= Ashraf Hanna =

Egyptian sculptor

Ashraf Hanna is a ceramic sculptor. He is from Minya, Egypt and now has a studio in Pembrokeshire, Wales. His work includes handbuilt forms based on a pinch pot such as Undulating Vessels which have been acquired by the Victoria & Albert and Fitzwilliam Museums. His works usually have a burnished finish created using a slip resist technique which he calls naked raku.

He has won several awards including Welsh Artist of the Year in 2010, in the Applied Arts category.
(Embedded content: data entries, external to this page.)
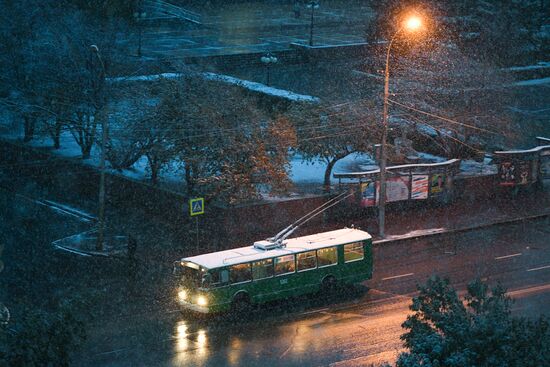 Russia Weather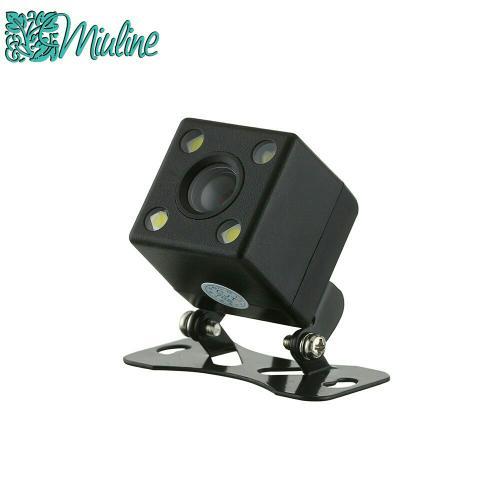 MONITOR PARKIR MUNDUR FULLSET KAMERA IR DAN KABEL MODEL RCA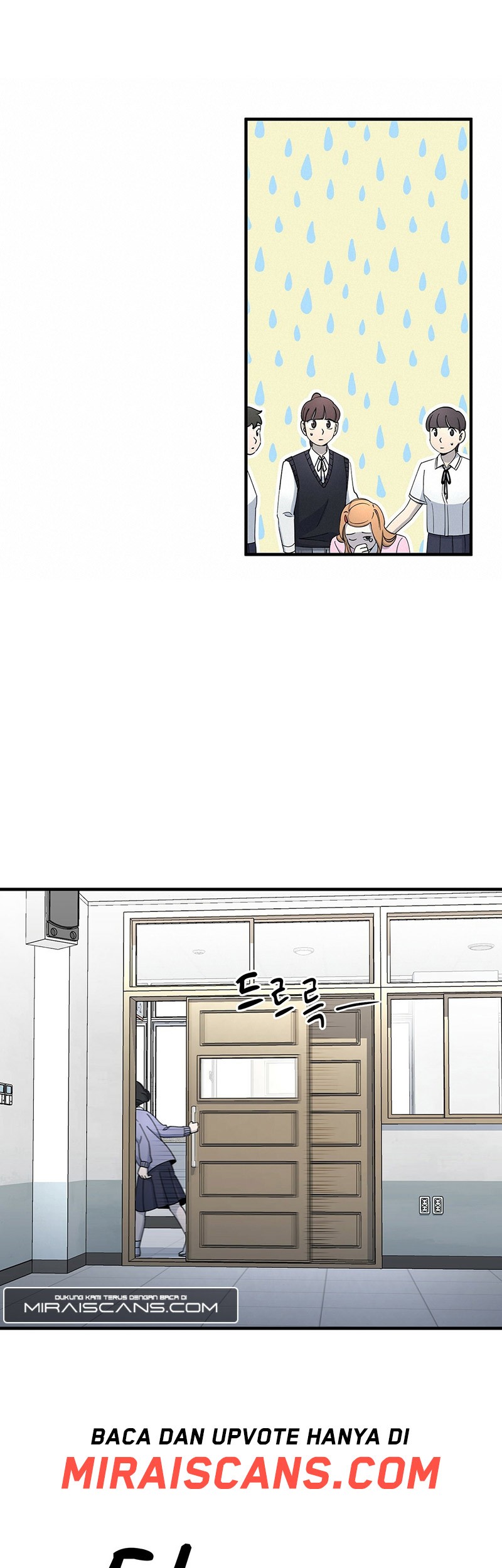 Cheolsu Saves the World Chapter 13 - halaman 32
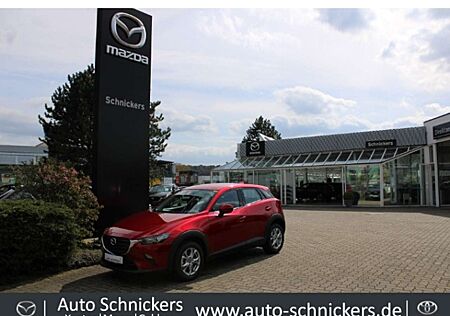 Mazda CX-3 SKY-G+APPLE CARPLAY+MODEL2021+8FACH BEREIFT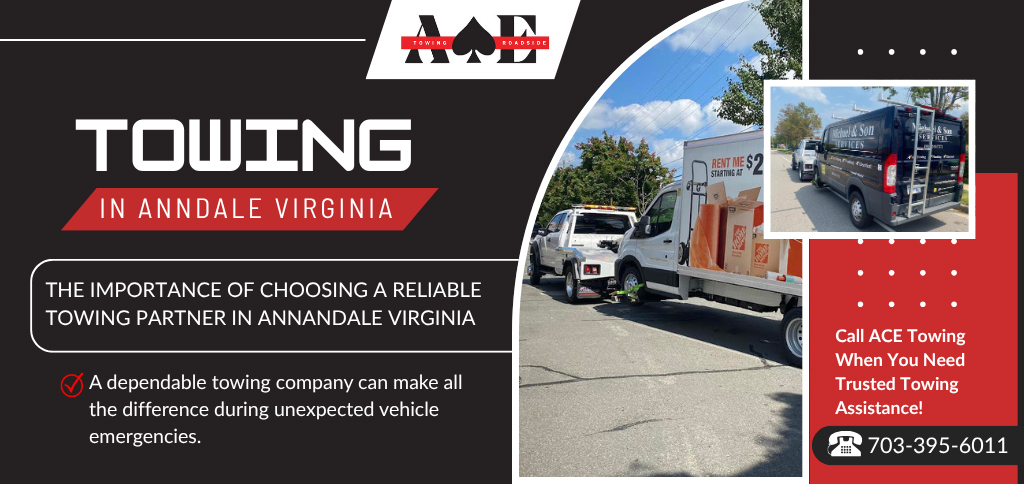 Photos of ACE Towing Alexandria, VA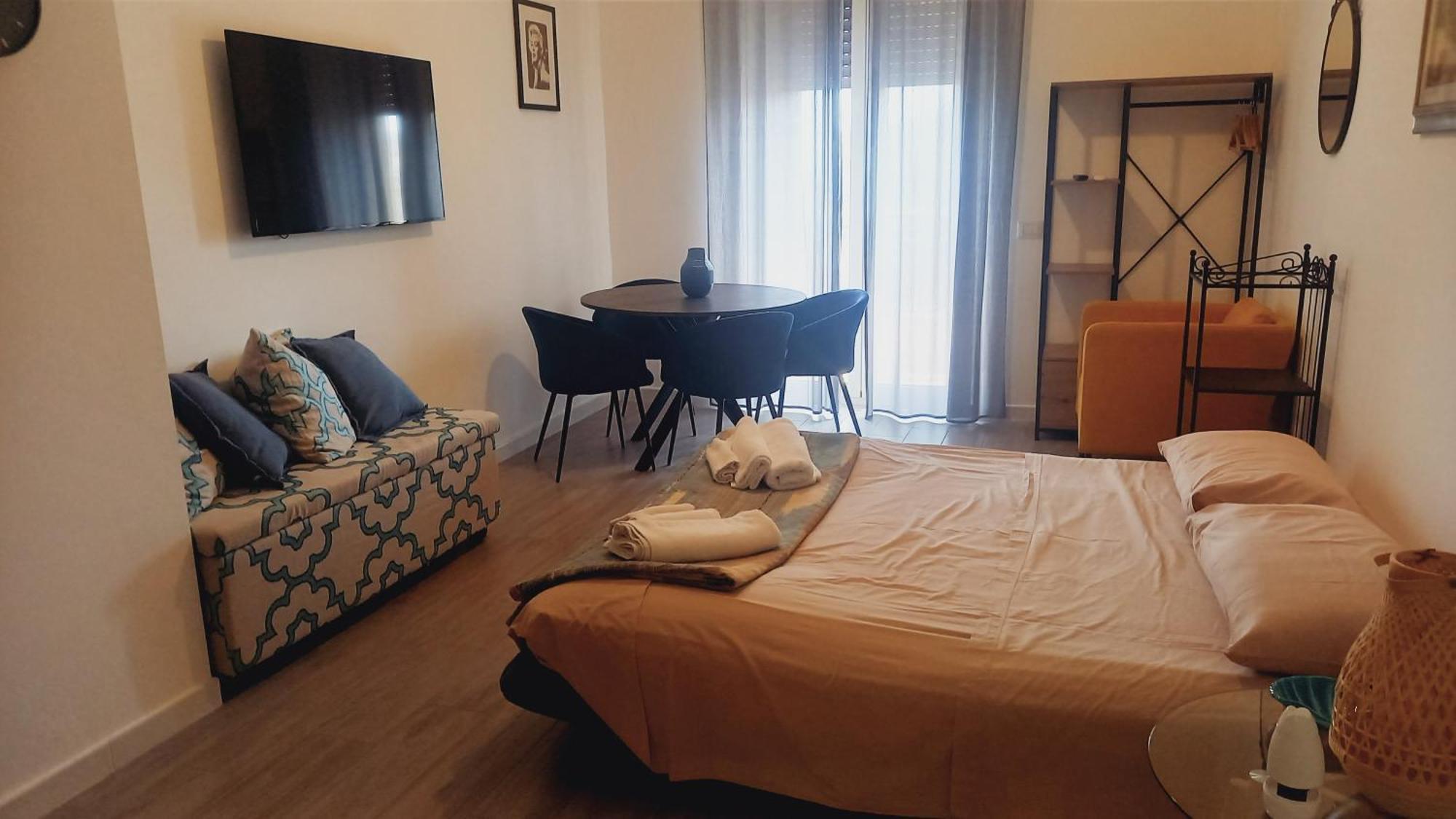 סלרנו Le Case Di Ale - Holiday Homes מראה חיצוני תמונה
Hanna’s work in kiln-cast glass developed from his ceramic practice during his MA at the Royal College of Art. He creates his forms by sculpting solid clay, which is then used to make refractory moulds for kiln casting in glass. The process allows him to investigate how the aesthetic qualities of his ceramic vessels can be translated into a transparent material, while also exploring the optical and material properties of glass. His glass work received the First Prize (Best in Show) at the British Glass Biennale in 2015 for Blue Vessel Form, which was subsequently acquired by the Ernsting Stiftung Glasmuseum in Germany. In 2016, Amber Red Vessel Form received the Crossover Award at Emerge 2016, the international juried exhibition of kiln-glass organised by Bullseye Projects.

In 2024, Hanna was a guest judge on The Great Pottery Throw Down.